Issue: Whether finding the sleeping occupant of a vehicle parked at a gas station, with engine off but key in the ignition, along with other factors sufficiently proved the OWI element of “operating.”

Holding:

¶13      Wisconsin Stat. § 346.63(3)(b) defines “operate” as “the physical manipulation or activation of any of the controls of a motor vehicle necessary to put it in motion.” Mertes’ argument focuses almost exclusively on the definition of “operation” under Wis. Stat. § 346.63 and whether Mertes’ presence in the driver’s seat of the vehicle with the engine off but with the keys in the ignition is sufficient to prove “operation.” Mertes’ argument misses the mark. The issue is not whether Mertes was operating the vehicle at the moment the police approached him, but rather whether there was enough circumstantial evidence to prove that he drove the car to the gas station. [5]

¶14      “Circumstantial evidence is evidence from which a jury may logically find other facts according to common knowledge and experience.” Wis JI—Criminal 170. Here, the State’s case was built on circumstantial evidence—or, as the State characterizes it, “the entirely reasonable inference that Mertes had operated the car before the police ever arrived on the scene by driving it into the gas station.” The circumstantial evidence underlying the State’s theory included: (1) Mertes sitting behind the wheel of a vehicle parked at a gas pump with the keys in the ignition in the auxiliary position, (2) his statement that he had been there for approximately ten minutes, (3) his statement that he had come from Milwaukee and was headed back to Milwaukee, and (4) the lack of any evidence to suggest that the passenger (or any other specifically identified individual) had operated the vehicle—indeed Rocklewitz testified that the passenger in the vehicle was incoherent and unable to remain awake. As the State aptly points out, “Vehicles do not simply materialize next to gas pumps at filling stations. They are driven to such locations.”

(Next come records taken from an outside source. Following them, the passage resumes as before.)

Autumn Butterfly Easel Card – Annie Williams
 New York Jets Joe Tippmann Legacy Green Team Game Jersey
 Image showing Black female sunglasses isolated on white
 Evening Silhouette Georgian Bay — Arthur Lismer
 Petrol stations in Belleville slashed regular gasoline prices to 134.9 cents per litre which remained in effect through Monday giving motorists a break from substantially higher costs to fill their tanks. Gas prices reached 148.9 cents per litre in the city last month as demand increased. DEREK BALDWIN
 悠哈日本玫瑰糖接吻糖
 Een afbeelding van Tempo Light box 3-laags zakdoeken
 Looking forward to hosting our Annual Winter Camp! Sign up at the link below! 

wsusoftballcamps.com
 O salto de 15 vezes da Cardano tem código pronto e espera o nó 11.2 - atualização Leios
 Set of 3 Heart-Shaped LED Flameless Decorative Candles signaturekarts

Village of Cross Plains v. Kristin J. Haanstad, 2006 WI 16, distinguished, ¶13 n. 5, on basis “that there was undisputed evidence in Haanstad that someone else had driven the vehicle to that spot.” Milwaukee County v. Proegler, 95 Wis. 2d 614, 628, 291 N.W.2d 608 (Ct. App. 1980) (“operating” subject to proof by circumstantial evidence, so that “operating” may be found where occupant is found in parked car with engine running), extended:

¶16      While the motor in this case was not running, the keys were in the ignition, the parking and dash lights were on. We believe that even absent a running motor, the jury was entitled to consider the circumstantial evidence in this case to determine how and when the car arrived where it did and whether it was Mertes who operated it.  Indeed, the supreme court contemplated the potential for such a case in Burg ex rel. Weichert v. Cincinnati Casualty Insurance Co., 2002 WI 76, 254 Wis. 2d 36, 645 N.W.2d 880. There, the court observed, “‘[O]peration’ for purposes of the drunk driving laws can be proved circumstantially. A defendant found intoxicated behind the wheel of a parked car with its engine off but still warm might well be prosecuted on that circumstantial evidence of recent ‘operation.’” Id., ¶27 n.8.

Evidence also held sufficient with respect to operating on “highway”:

¶19      Mertes’ argument on appeal is limited to whether a gas station parking lot qualifies as a “highway.” He does not dispute, and could not dispute, that the roads leading to the gas station are indeed “highways” as defined by Wis. Stat. § 340.01(22). [7] Having concluded that the circumstantial evidence was sufficient to support the jury’s verdict that Mertes operated a motor vehicle, we likewise conclude that the same evidence is sufficient to support a finding that he had done so on a highway prior to arriving at the gas station.